= Uniform Building Code =

Model building code

The Uniform Building Code (UBC) was a building code used primarily in the western United States.

== History ==
The UBC was first published in 1927 by the International Conference of Building Officials, which was based in Whittier, California. It was intended to promote public safety and provided standardized requirements for safe construction which would not vary from city to city as had previously been the case.

Updated editions of the code were published approximately every three years until 1997, which was the final version of the code. The UBC was replaced in 2000 by the new International Building Code (IBC) published by the International Code Council (ICC). The ICC was a merger of three predecessor organizations which published three different building codes.
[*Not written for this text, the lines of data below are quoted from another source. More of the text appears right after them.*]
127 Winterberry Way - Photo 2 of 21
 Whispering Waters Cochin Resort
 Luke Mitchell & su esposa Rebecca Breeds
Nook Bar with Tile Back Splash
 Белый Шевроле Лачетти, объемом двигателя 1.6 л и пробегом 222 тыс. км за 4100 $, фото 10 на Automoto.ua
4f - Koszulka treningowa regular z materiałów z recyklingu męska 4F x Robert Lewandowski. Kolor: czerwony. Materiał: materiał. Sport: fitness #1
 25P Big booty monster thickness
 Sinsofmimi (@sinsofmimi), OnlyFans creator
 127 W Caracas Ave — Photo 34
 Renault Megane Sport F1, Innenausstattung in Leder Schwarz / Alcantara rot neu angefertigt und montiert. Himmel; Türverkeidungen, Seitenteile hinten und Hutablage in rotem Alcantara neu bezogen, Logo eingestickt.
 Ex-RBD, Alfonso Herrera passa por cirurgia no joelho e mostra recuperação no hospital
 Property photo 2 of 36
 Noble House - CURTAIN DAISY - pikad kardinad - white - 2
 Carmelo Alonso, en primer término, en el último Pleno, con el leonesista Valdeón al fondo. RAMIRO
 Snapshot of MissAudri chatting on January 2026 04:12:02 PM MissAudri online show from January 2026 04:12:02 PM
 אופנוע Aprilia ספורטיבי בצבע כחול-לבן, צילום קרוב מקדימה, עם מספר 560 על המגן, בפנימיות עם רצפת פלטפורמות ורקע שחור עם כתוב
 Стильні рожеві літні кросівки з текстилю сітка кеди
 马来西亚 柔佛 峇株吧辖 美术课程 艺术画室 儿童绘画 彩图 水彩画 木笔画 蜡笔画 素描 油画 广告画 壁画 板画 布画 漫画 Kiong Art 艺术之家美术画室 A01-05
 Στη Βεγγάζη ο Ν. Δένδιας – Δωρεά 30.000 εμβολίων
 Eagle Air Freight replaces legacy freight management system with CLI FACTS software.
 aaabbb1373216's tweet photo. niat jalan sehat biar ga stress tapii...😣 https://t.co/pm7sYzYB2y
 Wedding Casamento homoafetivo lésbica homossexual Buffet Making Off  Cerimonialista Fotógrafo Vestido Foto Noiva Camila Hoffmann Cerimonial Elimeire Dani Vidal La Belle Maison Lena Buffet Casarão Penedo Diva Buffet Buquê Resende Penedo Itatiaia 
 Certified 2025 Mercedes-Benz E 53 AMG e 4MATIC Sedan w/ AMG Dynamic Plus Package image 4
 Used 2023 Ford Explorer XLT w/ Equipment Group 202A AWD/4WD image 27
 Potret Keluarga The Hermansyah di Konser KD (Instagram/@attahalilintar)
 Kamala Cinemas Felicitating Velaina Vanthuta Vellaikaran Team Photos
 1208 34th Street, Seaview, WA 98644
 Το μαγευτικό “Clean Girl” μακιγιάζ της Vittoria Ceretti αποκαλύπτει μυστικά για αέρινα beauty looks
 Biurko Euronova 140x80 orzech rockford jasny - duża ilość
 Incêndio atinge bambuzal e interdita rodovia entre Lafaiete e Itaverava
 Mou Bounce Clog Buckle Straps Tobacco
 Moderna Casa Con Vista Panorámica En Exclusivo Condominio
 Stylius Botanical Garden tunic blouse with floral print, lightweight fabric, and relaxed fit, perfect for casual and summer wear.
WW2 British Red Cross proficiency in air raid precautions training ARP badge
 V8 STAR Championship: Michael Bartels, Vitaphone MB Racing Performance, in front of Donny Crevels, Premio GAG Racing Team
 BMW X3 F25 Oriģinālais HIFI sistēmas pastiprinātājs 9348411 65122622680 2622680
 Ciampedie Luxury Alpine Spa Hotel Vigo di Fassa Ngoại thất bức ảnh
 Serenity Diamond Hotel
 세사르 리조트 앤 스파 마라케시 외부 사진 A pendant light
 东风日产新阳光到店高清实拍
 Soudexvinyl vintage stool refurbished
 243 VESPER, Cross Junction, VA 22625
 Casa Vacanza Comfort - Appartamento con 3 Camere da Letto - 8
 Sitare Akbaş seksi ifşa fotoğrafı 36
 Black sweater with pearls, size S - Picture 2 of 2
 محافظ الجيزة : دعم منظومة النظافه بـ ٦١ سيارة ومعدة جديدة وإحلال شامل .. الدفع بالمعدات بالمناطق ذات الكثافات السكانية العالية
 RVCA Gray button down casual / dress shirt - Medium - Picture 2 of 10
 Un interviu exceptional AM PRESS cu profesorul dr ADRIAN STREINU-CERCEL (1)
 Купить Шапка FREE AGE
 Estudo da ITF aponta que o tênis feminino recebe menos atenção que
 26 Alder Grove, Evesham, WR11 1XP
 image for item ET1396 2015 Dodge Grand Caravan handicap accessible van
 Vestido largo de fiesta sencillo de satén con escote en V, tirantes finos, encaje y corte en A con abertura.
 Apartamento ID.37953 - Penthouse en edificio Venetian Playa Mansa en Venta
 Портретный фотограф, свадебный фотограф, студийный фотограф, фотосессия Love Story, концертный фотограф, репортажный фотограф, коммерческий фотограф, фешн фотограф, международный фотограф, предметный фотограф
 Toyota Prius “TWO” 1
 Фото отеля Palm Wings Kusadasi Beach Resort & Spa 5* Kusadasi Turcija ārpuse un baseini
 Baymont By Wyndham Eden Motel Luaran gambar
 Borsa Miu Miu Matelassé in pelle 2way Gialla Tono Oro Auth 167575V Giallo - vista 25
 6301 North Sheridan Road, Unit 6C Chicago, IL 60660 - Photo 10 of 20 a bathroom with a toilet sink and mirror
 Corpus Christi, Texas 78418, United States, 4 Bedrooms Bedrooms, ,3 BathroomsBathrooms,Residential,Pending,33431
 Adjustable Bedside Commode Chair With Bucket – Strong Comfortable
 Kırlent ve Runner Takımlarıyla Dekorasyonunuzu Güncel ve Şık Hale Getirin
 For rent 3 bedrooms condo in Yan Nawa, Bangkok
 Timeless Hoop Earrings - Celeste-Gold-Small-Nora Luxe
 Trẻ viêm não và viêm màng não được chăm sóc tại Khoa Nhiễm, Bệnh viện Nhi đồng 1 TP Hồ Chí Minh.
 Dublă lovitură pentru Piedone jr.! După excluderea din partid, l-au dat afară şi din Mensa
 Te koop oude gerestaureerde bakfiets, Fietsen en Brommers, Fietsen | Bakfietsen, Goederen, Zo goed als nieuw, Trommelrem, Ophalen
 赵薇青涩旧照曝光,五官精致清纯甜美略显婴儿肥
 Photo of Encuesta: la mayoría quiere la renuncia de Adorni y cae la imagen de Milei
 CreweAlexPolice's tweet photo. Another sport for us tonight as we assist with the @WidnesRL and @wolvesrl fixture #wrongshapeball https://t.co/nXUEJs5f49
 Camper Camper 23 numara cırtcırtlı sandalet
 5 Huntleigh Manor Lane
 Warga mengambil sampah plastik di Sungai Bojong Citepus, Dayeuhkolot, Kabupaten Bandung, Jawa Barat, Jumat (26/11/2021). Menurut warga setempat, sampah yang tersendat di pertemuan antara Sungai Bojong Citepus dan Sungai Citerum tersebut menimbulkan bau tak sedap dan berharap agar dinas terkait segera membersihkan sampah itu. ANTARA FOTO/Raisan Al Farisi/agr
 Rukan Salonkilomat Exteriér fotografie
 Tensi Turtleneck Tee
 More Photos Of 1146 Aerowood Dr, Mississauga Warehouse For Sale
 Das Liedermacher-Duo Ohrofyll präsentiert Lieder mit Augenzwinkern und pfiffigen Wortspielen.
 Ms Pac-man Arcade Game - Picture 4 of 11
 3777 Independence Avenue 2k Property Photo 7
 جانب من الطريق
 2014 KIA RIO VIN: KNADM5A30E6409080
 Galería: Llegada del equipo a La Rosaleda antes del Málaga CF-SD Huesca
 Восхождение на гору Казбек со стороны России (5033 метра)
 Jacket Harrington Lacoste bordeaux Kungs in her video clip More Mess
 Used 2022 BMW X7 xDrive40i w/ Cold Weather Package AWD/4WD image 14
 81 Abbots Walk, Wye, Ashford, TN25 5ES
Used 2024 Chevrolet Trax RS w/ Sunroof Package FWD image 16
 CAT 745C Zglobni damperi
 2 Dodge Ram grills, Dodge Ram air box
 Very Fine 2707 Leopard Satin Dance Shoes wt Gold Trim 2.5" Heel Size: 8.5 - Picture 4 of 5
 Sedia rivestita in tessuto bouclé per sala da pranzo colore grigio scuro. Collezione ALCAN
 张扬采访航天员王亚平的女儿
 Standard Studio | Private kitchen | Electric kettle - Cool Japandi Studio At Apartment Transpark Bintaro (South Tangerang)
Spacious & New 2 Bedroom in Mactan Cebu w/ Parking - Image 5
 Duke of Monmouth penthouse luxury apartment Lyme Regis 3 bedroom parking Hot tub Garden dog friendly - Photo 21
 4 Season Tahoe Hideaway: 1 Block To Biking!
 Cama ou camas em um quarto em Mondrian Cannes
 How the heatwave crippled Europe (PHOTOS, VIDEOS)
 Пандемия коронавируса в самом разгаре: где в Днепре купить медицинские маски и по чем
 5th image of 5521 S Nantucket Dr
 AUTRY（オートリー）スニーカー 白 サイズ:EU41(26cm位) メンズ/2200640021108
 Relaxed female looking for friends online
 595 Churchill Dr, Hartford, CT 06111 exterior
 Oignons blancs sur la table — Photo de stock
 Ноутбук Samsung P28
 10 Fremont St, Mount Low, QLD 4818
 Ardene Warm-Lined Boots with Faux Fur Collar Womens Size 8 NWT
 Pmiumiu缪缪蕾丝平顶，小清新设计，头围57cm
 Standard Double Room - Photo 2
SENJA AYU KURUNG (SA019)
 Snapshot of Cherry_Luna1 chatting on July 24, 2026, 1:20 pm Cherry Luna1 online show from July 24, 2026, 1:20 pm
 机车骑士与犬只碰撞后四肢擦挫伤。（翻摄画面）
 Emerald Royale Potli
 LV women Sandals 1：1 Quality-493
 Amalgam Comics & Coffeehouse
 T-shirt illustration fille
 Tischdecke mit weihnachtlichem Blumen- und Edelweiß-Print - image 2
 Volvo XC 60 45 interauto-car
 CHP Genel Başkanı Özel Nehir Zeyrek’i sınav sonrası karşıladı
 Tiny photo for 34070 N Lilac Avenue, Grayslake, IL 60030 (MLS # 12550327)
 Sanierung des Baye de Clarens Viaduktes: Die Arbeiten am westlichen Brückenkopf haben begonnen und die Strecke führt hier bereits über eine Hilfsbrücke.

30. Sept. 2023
These were:
- International Conference of Building Officials (ICBO) Uniform Building Code
- Building Officials and Code Administrators International (BOCA) The BOCA National Building Code
- Southern Building Code Congress International (SBCCI) Standard Building Code
The new ICC was intended to provide consistent standards for safe construction and eliminate differences between the three different predecessor codes. It is primarily used in the United States.

Previous versions of the UBC are as follows: 1927 (first version), 1935, 1937, 1940, 1943, 1946, 1949, 1952, 1955, 1958, 1961, 1964, 1967, 1970, 1973, 1976, 1979, 1982, 1985, 1988, 1991, 1994, 1997 (last version).